#### Problem statement
Leaving out the images, reproduce every line of the data that follows exactly.

#### Dataset extract
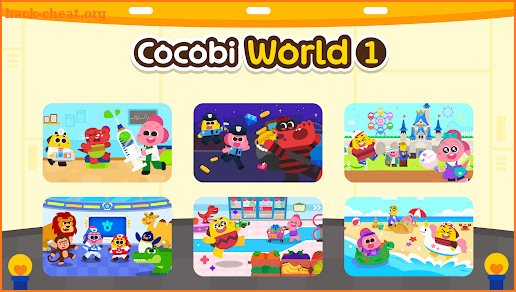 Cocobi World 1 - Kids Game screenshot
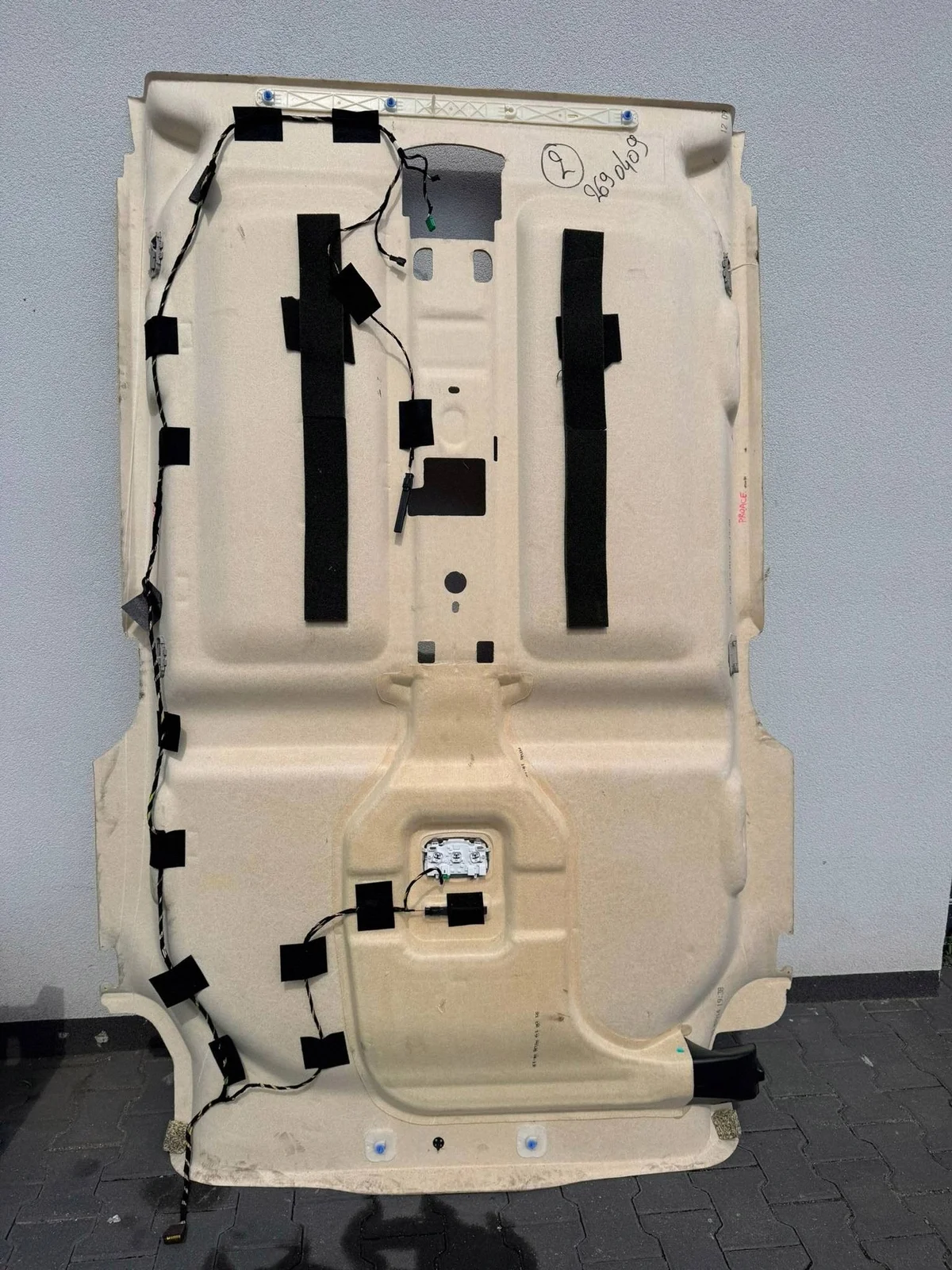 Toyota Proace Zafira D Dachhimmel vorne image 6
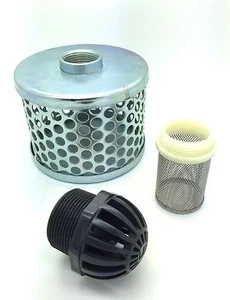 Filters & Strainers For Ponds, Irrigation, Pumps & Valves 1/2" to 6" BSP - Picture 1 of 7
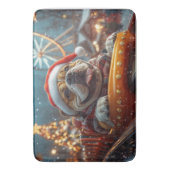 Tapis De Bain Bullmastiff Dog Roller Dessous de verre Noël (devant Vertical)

#### Solution to this exercise
 Cocobi World 1 - Kids Game screenshot
 Toyota Proace Zafira D Dachhimmel vorne image 6
 Filters & Strainers For Ponds, Irrigation, Pumps & Valves 1/2" to 6" BSP - Picture 1 of 7
 Tapis De Bain Bullmastiff Dog Roller Dessous de verre Noël (devant Vertical)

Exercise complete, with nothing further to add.